ZIMBABWE Cricket looks set to lose yet another promising cricketer to Test playing nation after Australia last week named rising all-rounder Hilton Cartwright in their “A” side to play two four-day matches against India “A” in Brisbane next month.
BY DANIEL NHAKANISO
The 24-year-old Harare-born star earned selection in the Australia “A” side after a solid season in Australia’s premier first-class cricket competition the Sheffield Shield competition.
Cartwright scored 409 runs at 68.16 for Western Australia, including his maiden hundred and also picked up eight wickets at 27.75 with his medium-pacers.
The Marondera-bred player, who has also featured in the lucrative Big Bash Twenty20 League for the Perth Scorchers, is one of the two Western Australia players in the squad together with fast bowler David Moody — the nephew of former Australia player Tom Moody.
Australia national selector Rod Marsh said the pair, who had not been initially included in the squad, would have an opportunity to impress during the second four-day match against India A set for September 15 to 18 at the Allan Border Field in Brisbane.
“David Moody and Hilton Cartwright were not previously named in the wider Australia A squad, but due to call-ups to the national side, they now have an opportunity to impress in the final matches of the series,” he said.
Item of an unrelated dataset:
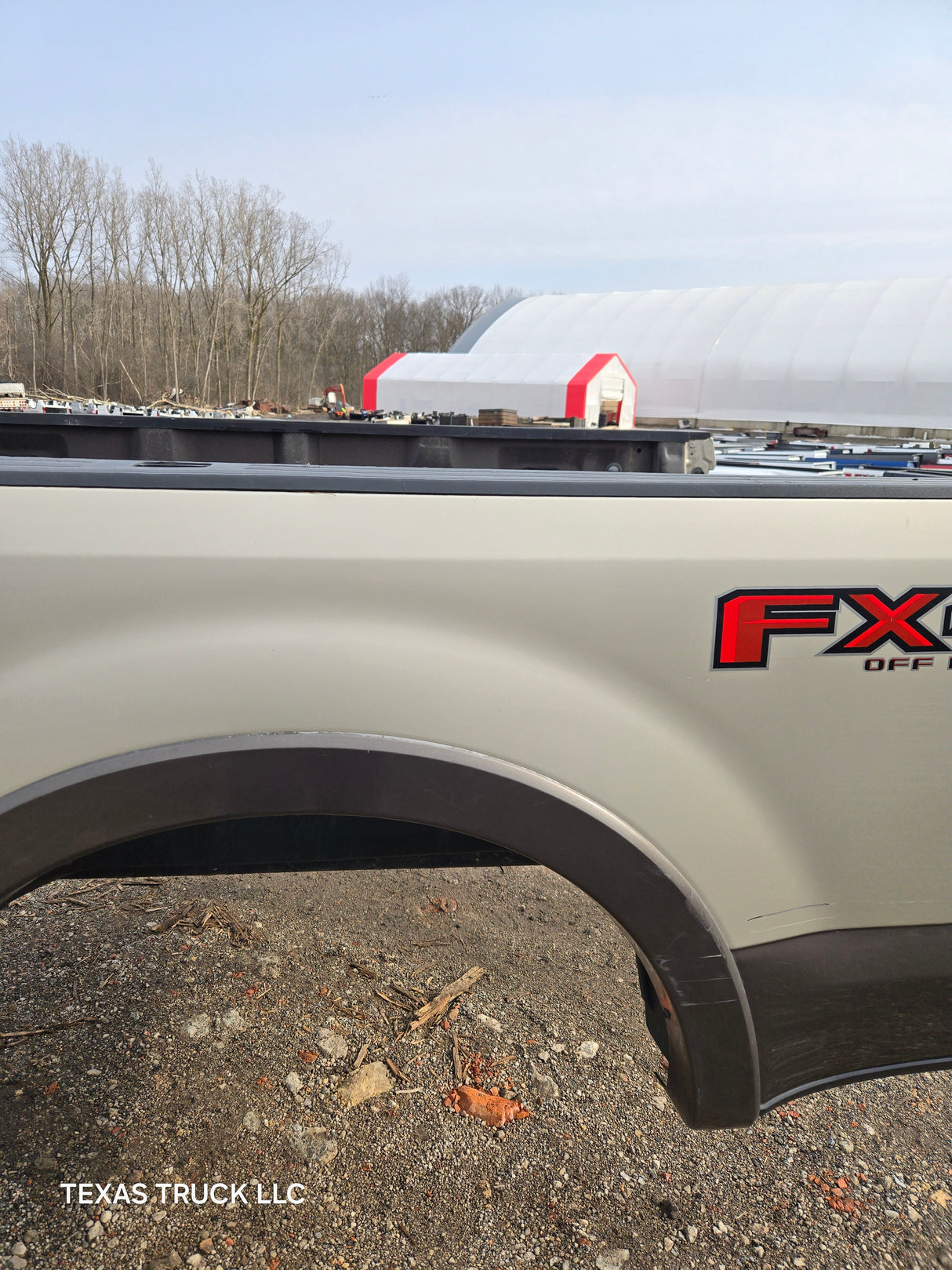 2017-2022 Ford F250 F350 Super Duty 8' Long Truck Bed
Born in Harare on February 14, 1992, Cartwright spent most of his early childhood at his family’s farm in Marondera before they relocated to Australia after being forced to abandon their property during the chaotic land reform programme at the turn of the millennium.
“Since I was five, it had always been my goal to play for Zimbabwe, but when our situation changed and we came here, I wanted to get that Baggy Green (Australian shirt) and these are my first steps playing for Western Australia and the Scorchers. I’ve had a few bumps along the way, but I’ve worked through and earned my spot,” Cartwright said after being signed by the Perth Scorchers.
Ironically, should Cartwright go on to play for Australia, he would have followed in the footsteps of fellow Zimbabwe-bred Wallabies star David Pocock, whose family also moved to Australia at the height of the land invasions.
In cricket terms, he would have joined the growing list of Zimbabwe-born players such as Gary Balance, Sean Ervine and Colin de Grandhomme who have opted to try their luck elsewhere than play for Zimbabwe.